Your assignment
Lines before the one holding "Tripp Lite SmartRack" are not wanted. Please copy that line and everything after it to the end of the records, exactly, skipping pictures.

_ _ _ _ _ _ _

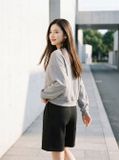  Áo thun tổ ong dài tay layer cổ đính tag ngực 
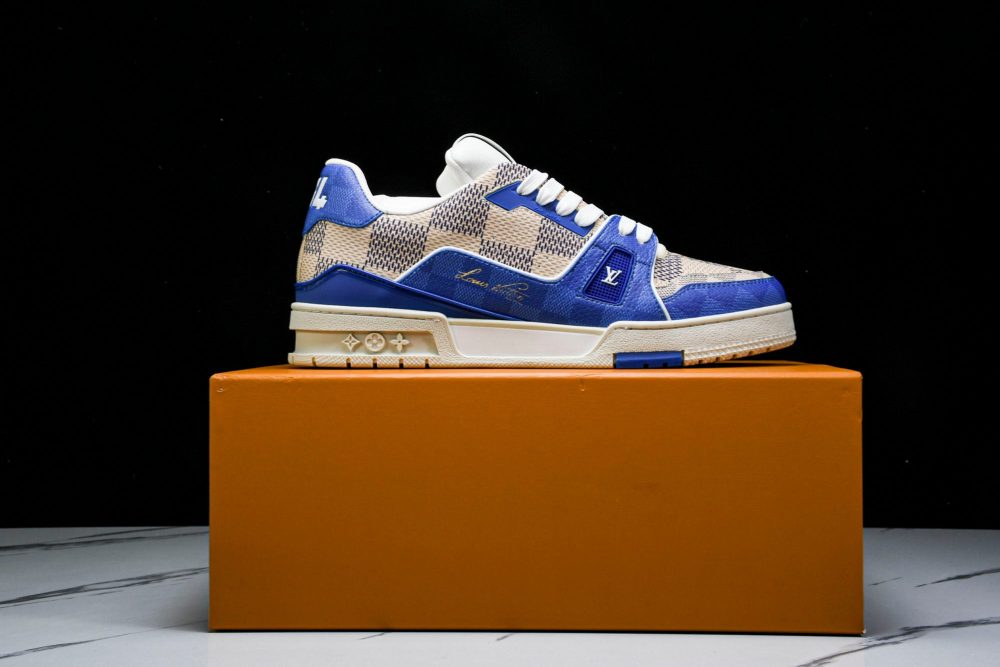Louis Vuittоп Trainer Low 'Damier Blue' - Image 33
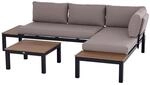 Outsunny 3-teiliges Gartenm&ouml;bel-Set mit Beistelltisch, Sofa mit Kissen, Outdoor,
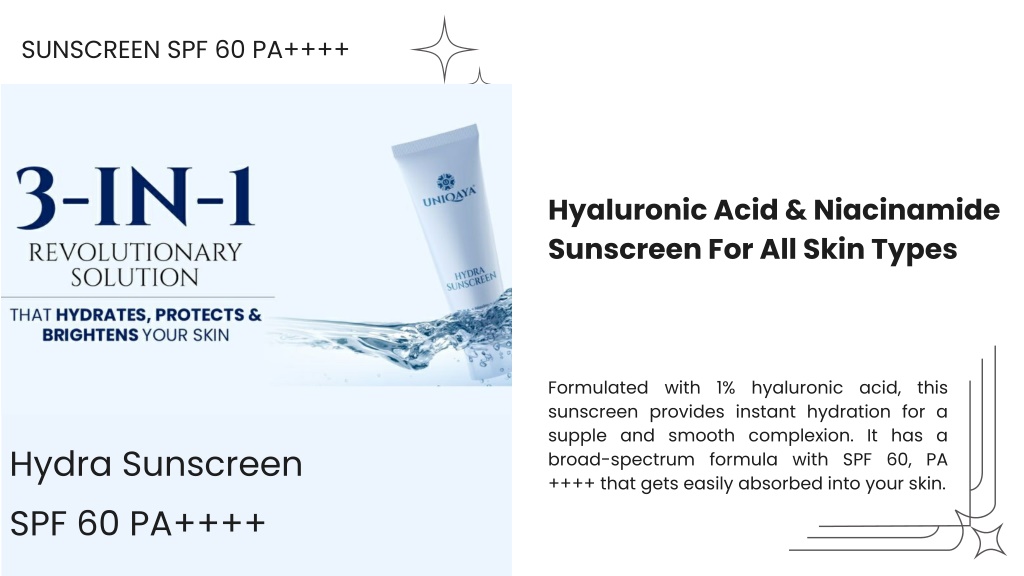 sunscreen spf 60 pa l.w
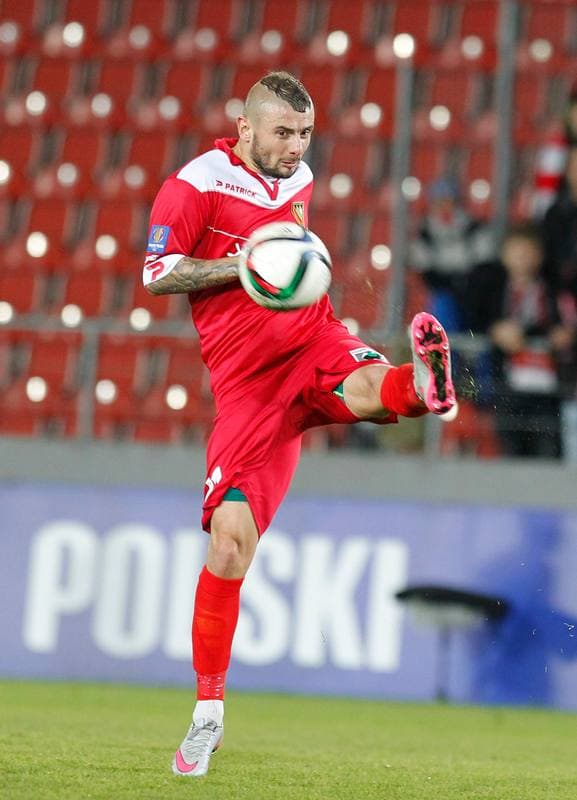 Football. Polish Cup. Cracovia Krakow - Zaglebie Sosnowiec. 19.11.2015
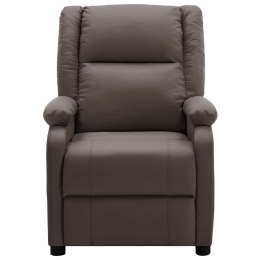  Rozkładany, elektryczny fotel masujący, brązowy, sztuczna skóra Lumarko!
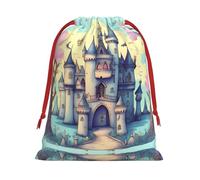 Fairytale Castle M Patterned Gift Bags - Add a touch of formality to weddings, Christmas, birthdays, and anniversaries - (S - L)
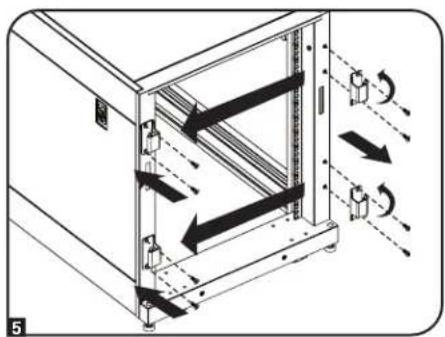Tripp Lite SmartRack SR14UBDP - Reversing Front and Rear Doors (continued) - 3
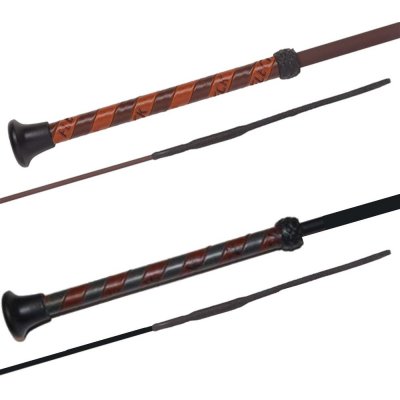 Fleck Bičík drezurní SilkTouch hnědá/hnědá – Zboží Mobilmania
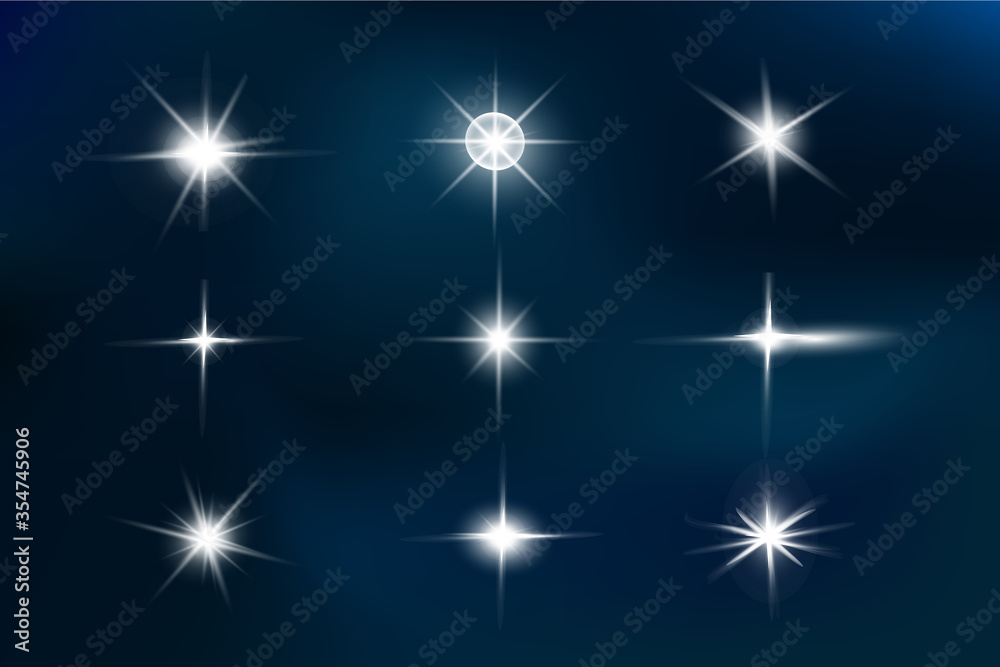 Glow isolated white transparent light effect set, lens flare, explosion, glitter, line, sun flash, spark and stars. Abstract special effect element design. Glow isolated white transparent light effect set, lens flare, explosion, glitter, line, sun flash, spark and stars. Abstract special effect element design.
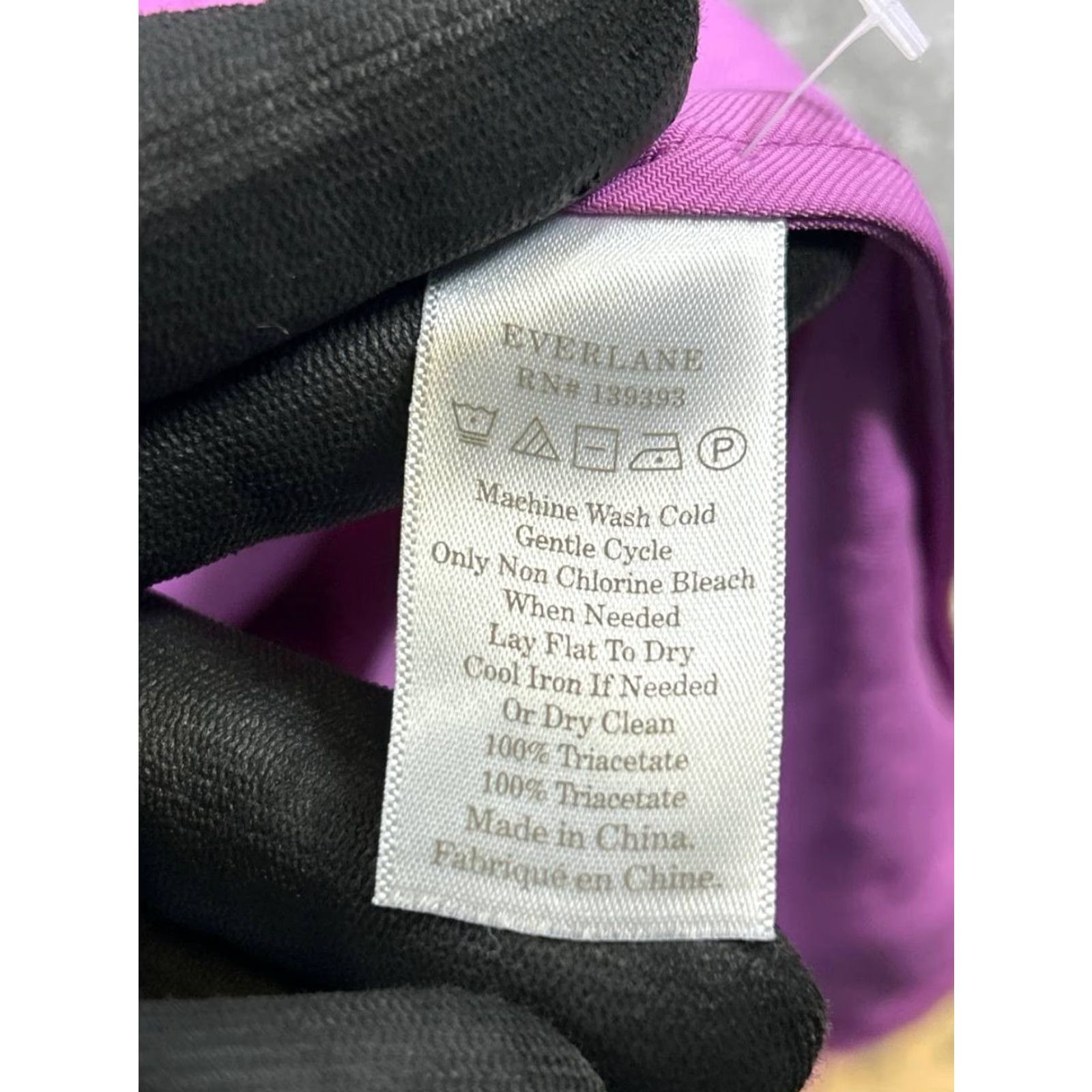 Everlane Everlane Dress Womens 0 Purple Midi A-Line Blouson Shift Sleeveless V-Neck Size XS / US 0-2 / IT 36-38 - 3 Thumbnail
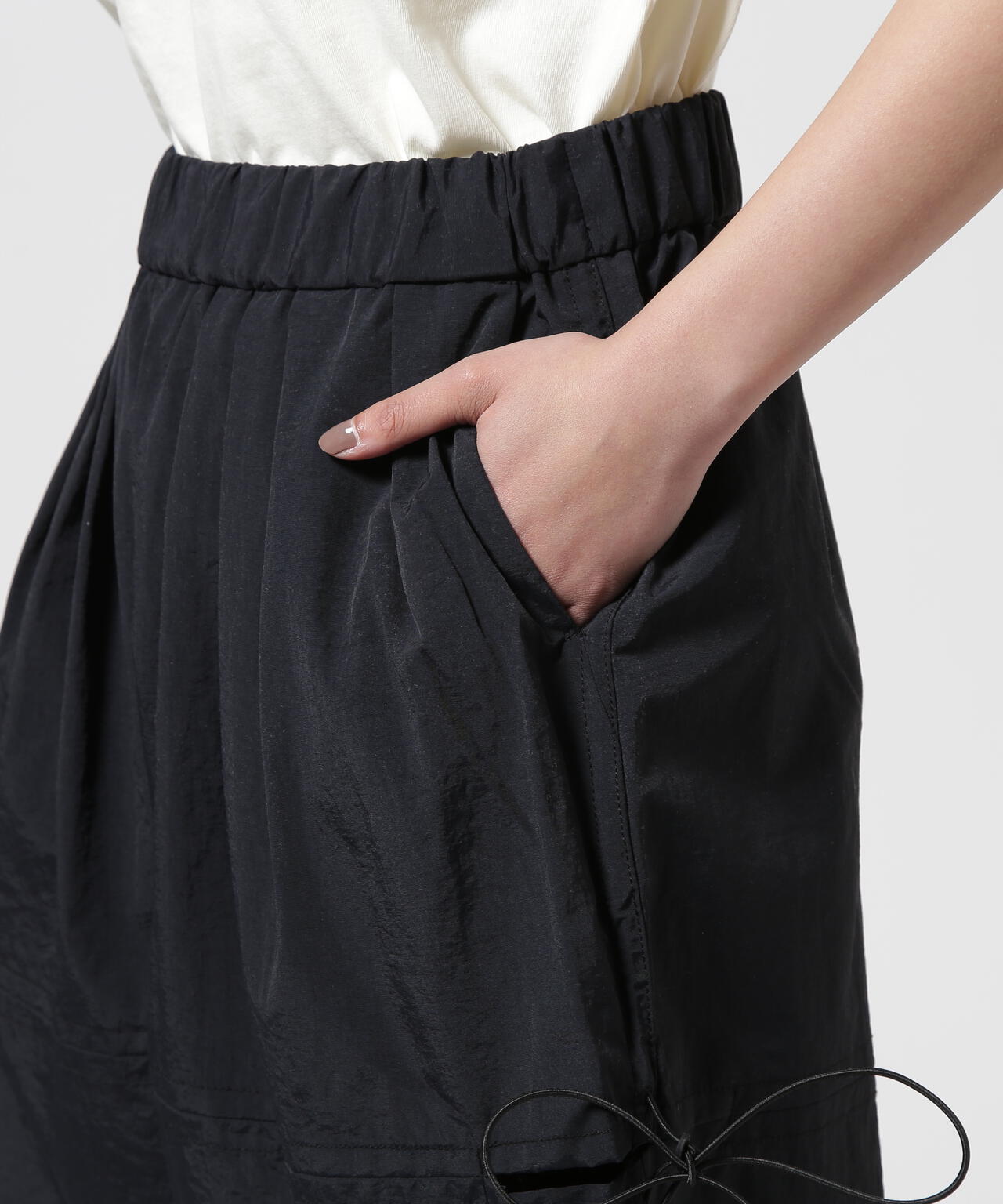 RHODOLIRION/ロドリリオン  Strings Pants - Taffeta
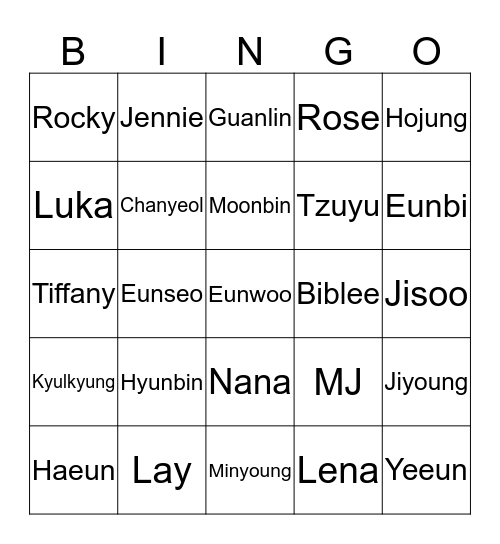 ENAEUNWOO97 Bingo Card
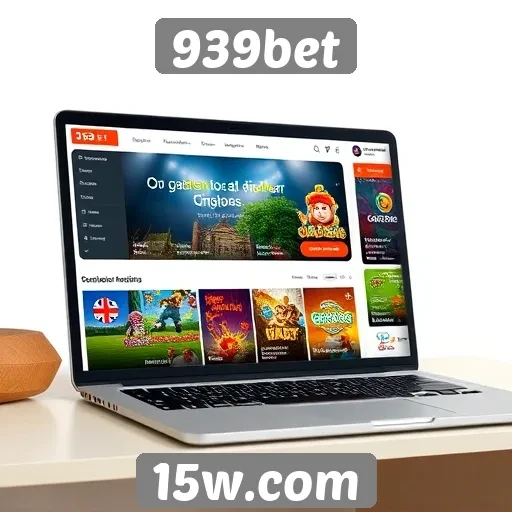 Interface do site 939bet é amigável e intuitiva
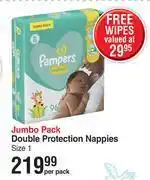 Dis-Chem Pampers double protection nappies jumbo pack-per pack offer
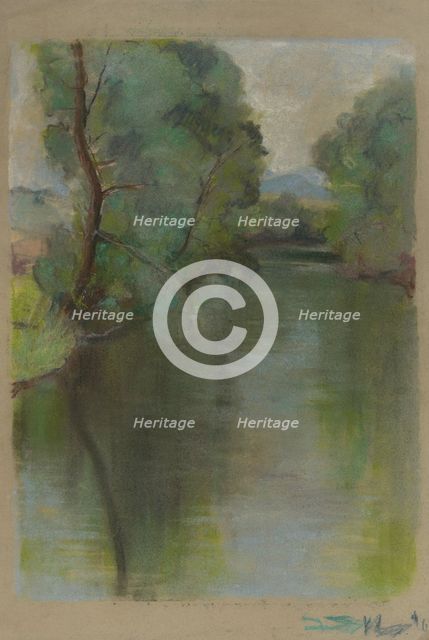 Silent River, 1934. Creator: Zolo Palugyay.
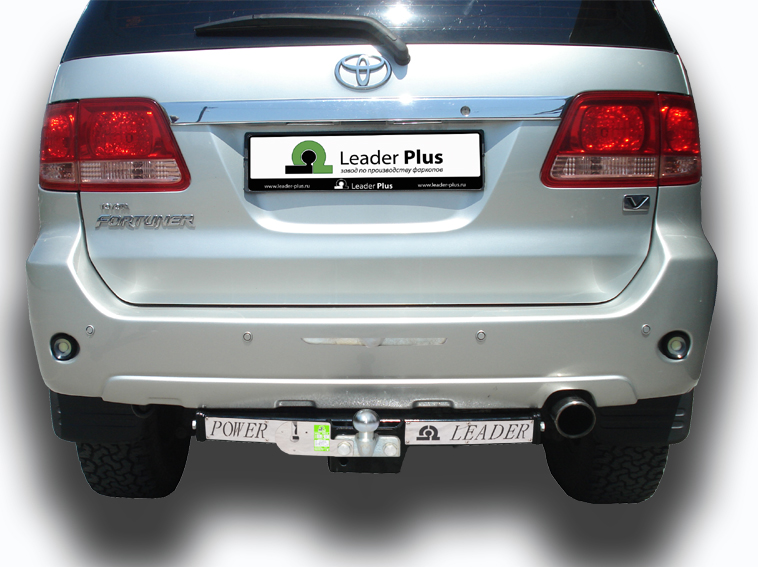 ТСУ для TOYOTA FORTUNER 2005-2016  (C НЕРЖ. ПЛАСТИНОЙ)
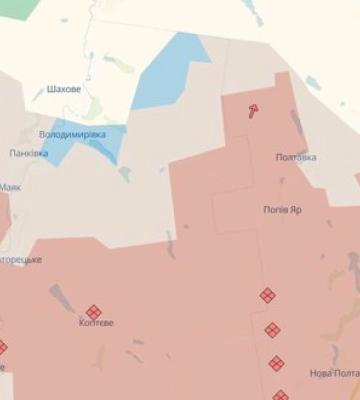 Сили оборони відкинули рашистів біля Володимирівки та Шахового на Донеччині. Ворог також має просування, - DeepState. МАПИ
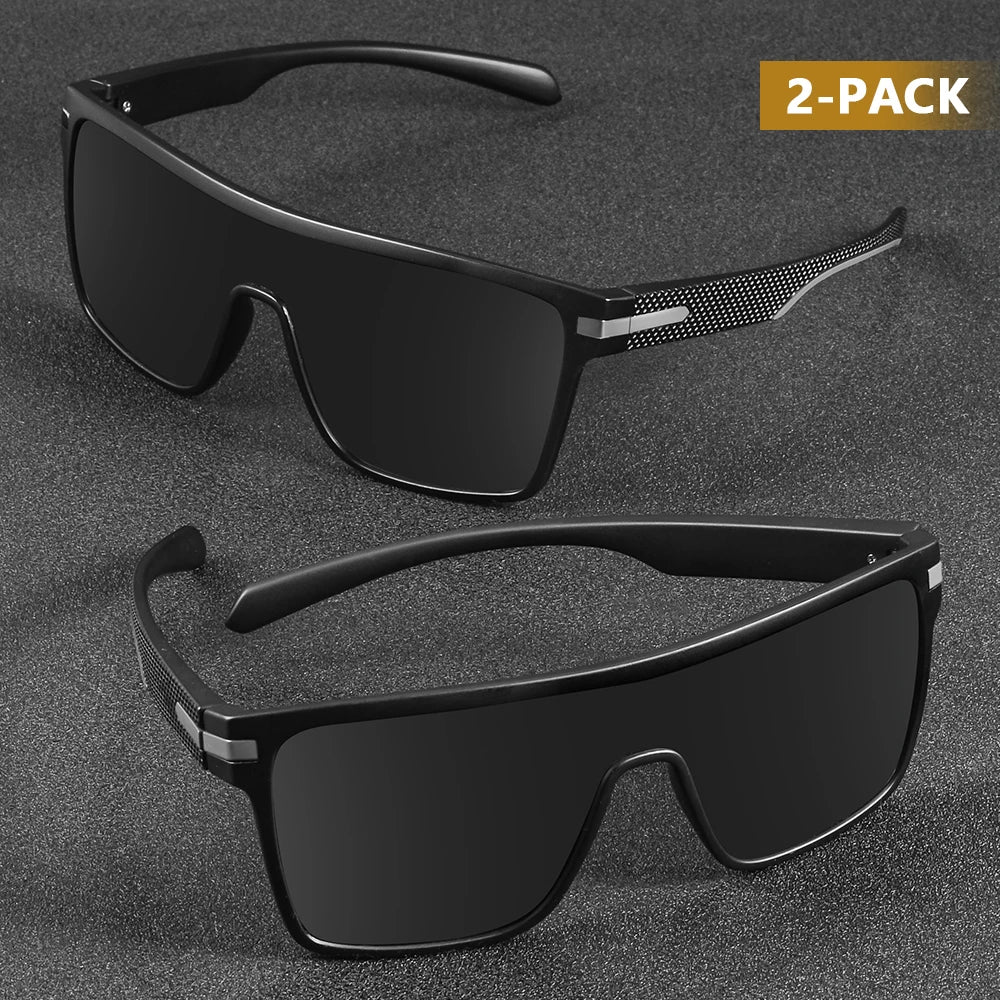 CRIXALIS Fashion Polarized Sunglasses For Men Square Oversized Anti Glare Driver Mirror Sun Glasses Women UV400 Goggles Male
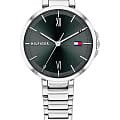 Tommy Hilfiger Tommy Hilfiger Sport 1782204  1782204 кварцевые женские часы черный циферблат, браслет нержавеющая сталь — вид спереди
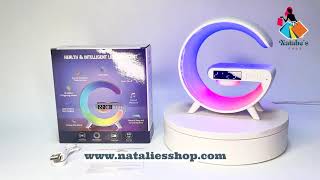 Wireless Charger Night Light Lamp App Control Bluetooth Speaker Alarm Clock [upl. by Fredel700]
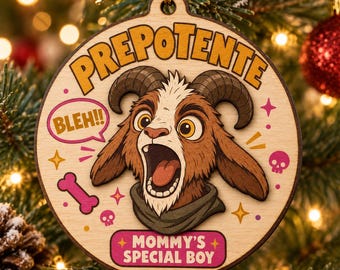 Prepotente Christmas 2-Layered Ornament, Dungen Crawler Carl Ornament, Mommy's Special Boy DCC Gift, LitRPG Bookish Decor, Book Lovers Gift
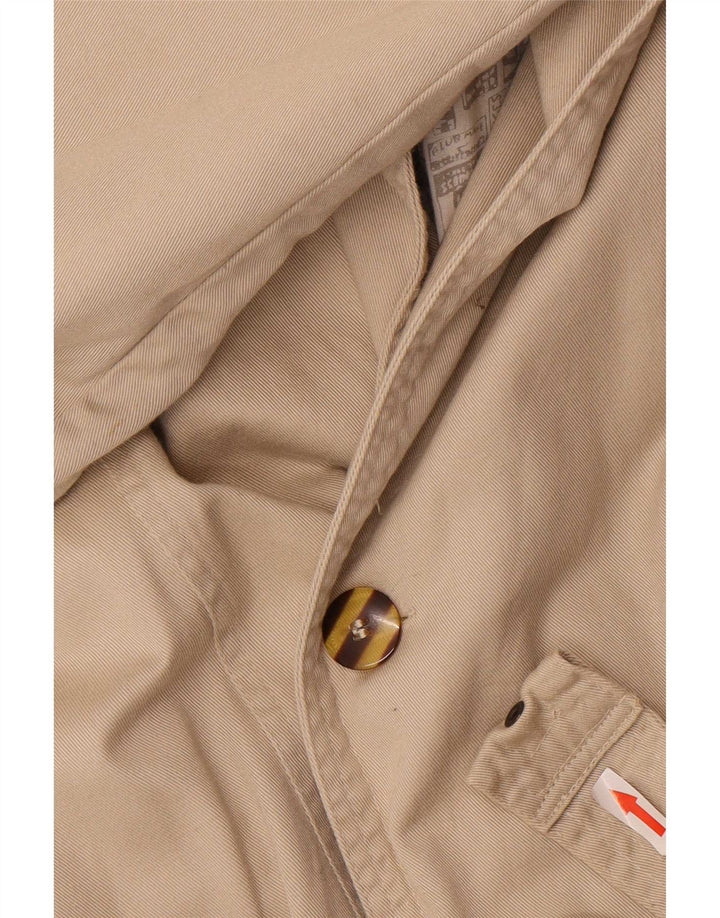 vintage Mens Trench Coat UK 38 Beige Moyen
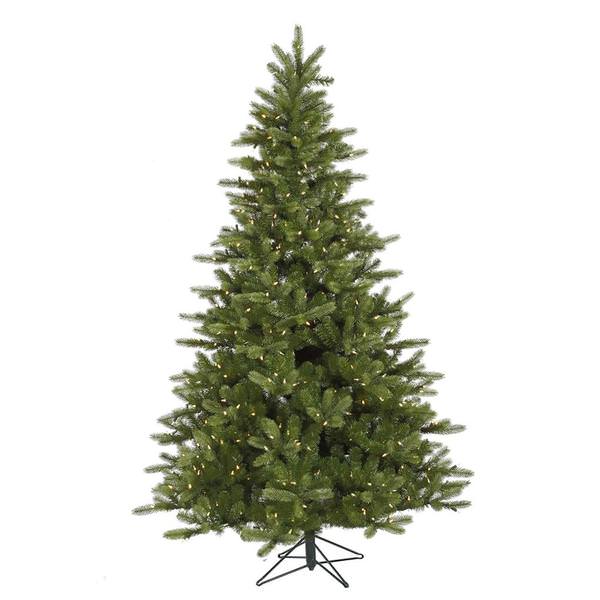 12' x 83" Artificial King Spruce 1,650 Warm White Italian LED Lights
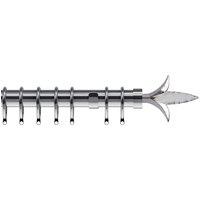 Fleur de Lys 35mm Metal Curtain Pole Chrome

_ _ _ _ _ _ _

Solution to the problem
Tripp Lite SmartRack SR14UBDP - Reversing Front and Rear Doors (continued) - 3
 Fleck Bičík drezurní SilkTouch hnědá/hnědá – Zboží Mobilmania
 Glow isolated white transparent light effect set, lens flare, explosion, glitter, line, sun flash, spark and stars. Abstract special effect element design. Glow isolated white transparent light effect set, lens flare, explosion, glitter, line, sun flash, spark and stars. Abstract special effect element design.
 Everlane Everlane Dress Womens 0 Purple Midi A-Line Blouson Shift Sleeveless V-Neck Size XS / US 0-2 / IT 36-38 - 3 Thumbnail
 RHODOLIRION/ロドリリオン  Strings Pants - Taffeta
 ENAEUNWOO97 Bingo Card
 Interface do site 939bet é amigável e intuitiva
 Dis-Chem Pampers double protection nappies jumbo pack-per pack offer
 Silent River, 1934. Creator: Zolo Palugyay.
 ТСУ для TOYOTA FORTUNER 2005-2016  (C НЕРЖ. ПЛАСТИНОЙ)
 Сили оборони відкинули рашистів біля Володимирівки та Шахового на Донеччині. Ворог також має просування, - DeepState. МАПИ
 CRIXALIS Fashion Polarized Sunglasses For Men Square Oversized Anti Glare Driver Mirror Sun Glasses Women UV400 Goggles Male
 Tommy Hilfiger Tommy Hilfiger Sport 1782204  1782204 кварцевые женские часы черный циферблат, браслет нержавеющая сталь — вид спереди
 Wireless Charger Night Light Lamp App Control Bluetooth Speaker Alarm Clock [upl. by Fredel700]
 Prepotente Christmas 2-Layered Ornament, Dungen Crawler Carl Ornament, Mommy's Special Boy DCC Gift, LitRPG Bookish Decor, Book Lovers Gift
 vintage Mens Trench Coat UK 38 Beige Moyen
 12' x 83" Artificial King Spruce 1,650 Warm White Italian LED Lights
 Fleur de Lys 35mm Metal Curtain Pole Chrome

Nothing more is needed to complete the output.